Davalı vekili, tespit raporunda ayıbın açık ayıp olduğunun belirlendiğini, ayıp ihbarının süresinde yapılmadığını, davacının ayıpların giderilmesini istemesi gerektiğini, işin yapıldığı şekliyle kiraya verilmeye çalışıldığını, davanın zamanaşımına uğradığını, davacının kötü niyetli olduğunu, tüm işlerin sözleşmeye uygun yapıldığını, eksik incelemeyle karar verildiği gibi gerekçelerle karar istinaf edilmiştir.
C. Gerekçe
1. Uyuşmazlık ve Hukuki Nitelendirme
Dava, eser sözleşmesinin feshinden kaynaklanan fazla ödenen iş bedeli alacağı ve gecikmeden kaynaklanan mahrum kalınan kazanç kaybından kaynaklanan alacak davasıdır. Taraflar arasındaki uyuşmazlık TBK’nun 470 vd. maddelerinde düzenlenen eser sözleşmesinden kaynaklanmakta olup davacı iş sahibi, davalı ise yüklenicidir.
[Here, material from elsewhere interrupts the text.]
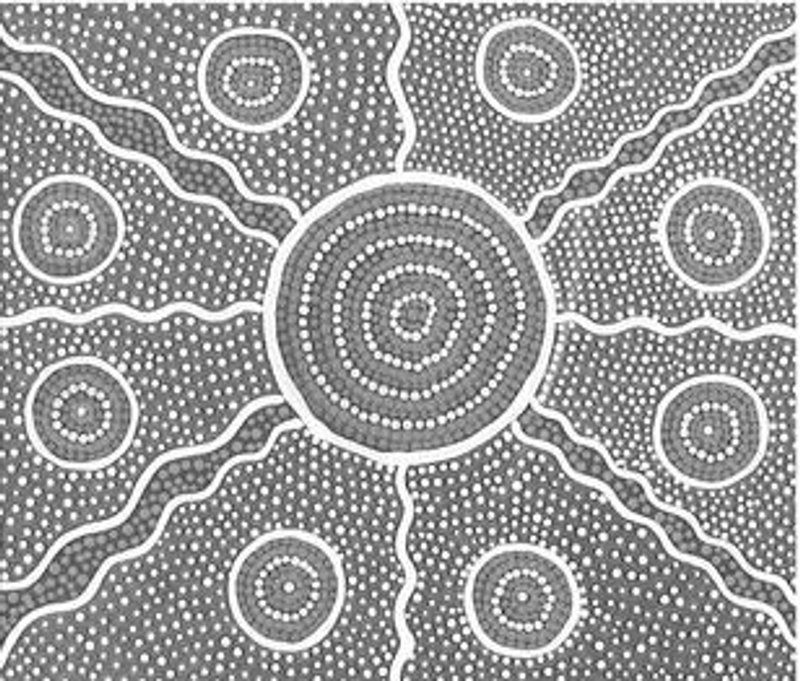 Australia Aboriginal Art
2. Ön İnceleme ve İncelemenin Kapsamı
İlk derece mahkemesi kararının; kesinlik, süre, istinaf başvuru şartları ve diğer usul konuları yönünden HMK 352. maddesine göre ön incelemesi yapılmış ve eksiklik bulunmadığı anlaşılan dosyanın incelenmesine geçilmiştir. İstinaf incelemesi de, HMK 355. maddesi göz önünde bulundurularak, kamu düzeninden olan hususlar re’sen gözetilmek suretiyle istinaf sebepleriyle sınırlı olarak yapılmıştır.
3. Değerlendirme
Eser sözleşmesinde iş bedelinin götürü olarak belirlenmesi halinde, yüklenici tarafından gerçekleştirilen imalatın işin tamamına göre fiziki oranının tespit edilerek bu oranın götürü bedele uygulanması ve iş sahibi tarafından yapılan ödemelerin düşülmesi suretiyle yüklenicinin hak ettiği bedelin veya iş sahibi tarafından fazla ödeme yapılıp yapılmadığının belirlenerek sonuca gidilmesi gerekmektedir. Hükme esas alınan bilirkişi raporunda, belirtilen usul gereğince hesaplama yapılmamış olup, yapılan iş bedeli karşılığı bulunarak buradan hareketle fiziki gerçekleşme oranının ne olduğu belirlenmeye çalışılmıştır. Oysa bilirkişinin yapması gereken, önce fiilen yapılan ve yapılmayan işleri tespit ederek işin tamamına göre fiziki gerçekleşme oranını hesaplaması, bu gerçekleşme oranını sözleşmede yazılı toplam iş bedeline uygulamak suretiyle hesaplama yapmasıdır. Açıklanan bu usule uygun olmayan ek rapor esas alınarak sonuca gidilmesi doğru olmamıştır. Bu sebeplerle, taraf vekillerinin istinaf başvurularının kabulü ile HMK’nun 353/1-a/6 maddesi uyarınca, esası incelenmeden kararın kaldırılmasına karar vermek gerekmiştir.
V. KARAR
1)Yerel mahkeme kararının esası incelenmeksizin ORTADAN KALDIRILMASINA ve davanın yeniden görülmesi için dosyanın kararı veren mahkemeye GÖNDERİLMESİNE,
2)Peşin alınan istinaf karar harcının isteği halinde ilk derece mahkemesince istinaf yoluna başvuran taraflara iadesine,
3)Dosya üzerinde yapılan inceleme neticesinde 30/03/2023 tarihinde HMK’nun 362. maddesi uyarınca kesin olarak oybirliği ile karar verildi.